Then-Mayor Ed Koch faced three opponents, the strongest of whom was Manhattan Borough President David Dinkins. What began as an uphill battle for Koch was turning into a close race, until a black teen-ager was killed by a white gang member in the Bensonhurst section of Brooklyn. That event, and the hostility displayed toward black demonstrators protesting the killing in the predominantly white neighborhood where the teen-ager died, changed the dynamic.
Bensonhurst slowed Koch’s momentum and largely turned the election into a referendum on race relations. New Yorkers looked for calm and healing and found those qualities in Dinkins, who had stressed the theme of togetherness.
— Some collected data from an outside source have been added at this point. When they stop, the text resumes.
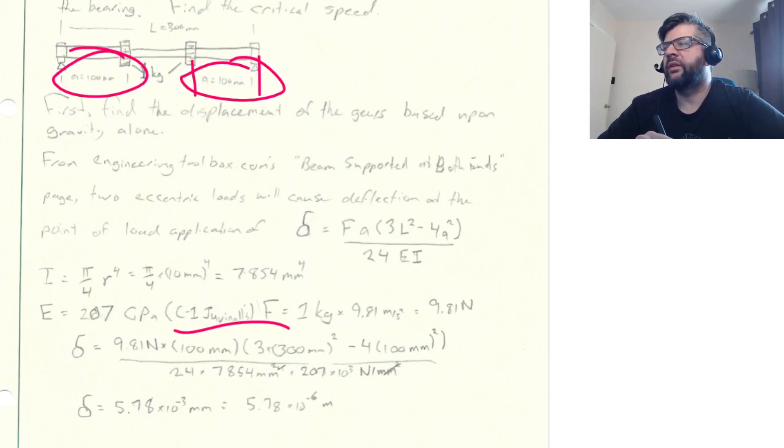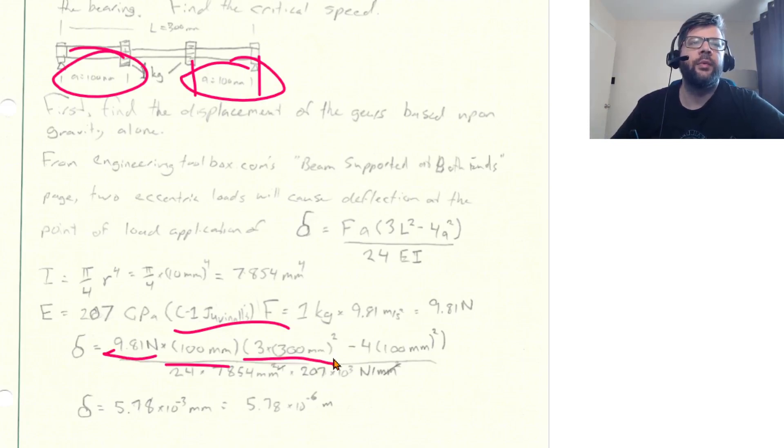For E (Young's modulus), I used 207 GPa from Shigley's — 200 GPa also works and was commonly used in course tables. The force is the weight of the gears: 1 kg × 9.81 m/s² = 9.81 N. Plugging in: 9.81 N × 100 mm × (3 × 300² − 4 × 100²) mm², divided by 24 × EI.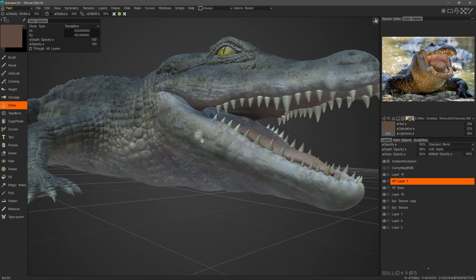You can pick which mode you prefer from the list menu. I'll start with Translation and hold down the Control key to pick a reference point. When I begin brushing, the position of that reference point will follow as I brush. I'll begin brushing now.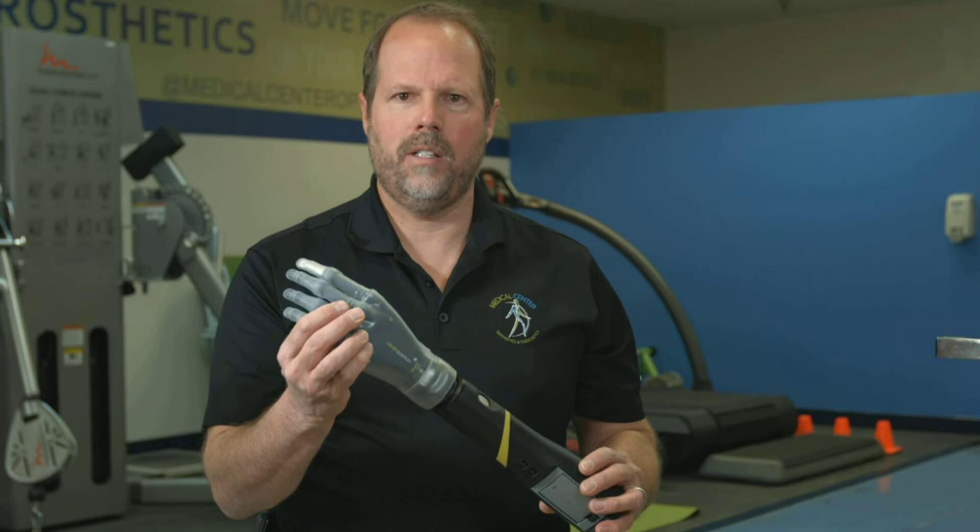If you'd like more information on this product, please contact us at Medical Center Orthotics and Prosthetics. Again, this is the i-limb Quantum — a really nice device. If you'd like to learn more, please contact us. Thank you very much.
L.A. voters who are looking for a Dinkins-like candidate may find him in Woo, whose message and base mirror Dinkins’. Or Stan Sanders, if he had the name recognition and the money to communicate his “healing” theme.
Richard Katz and Linda Griego have embraced “change” instead, and their media campaigns risk disappearing into the static surrounding the verdicts in the King case. And Joel Wachs may have embraced too many themes, leaving his message mixed and hindered by inadequate funding.
As the mayoral primary campaign winds down, the chilling reality is that at this critical juncture in L.A. history, Angelenos will be basing their voting decisions on little more than promises, slogans, symbols and codes--and 30-second TV images, many of which play on the city’s fears. Not much of that is predictive of leadership.
The decline of Bradley as a leader who could unite the city may have begun at the closing ceremonies of the 1984 Olympics--Los Angeles’ last great show of community and competence. “Bradley didn’t pass the torch,” said one critic. “He just dropped it.”
Is there a leader in the pack of mayoral contenders who can pick up the torch and light the way to solving L.A.’s problems? What does the future of the city hold if there is not?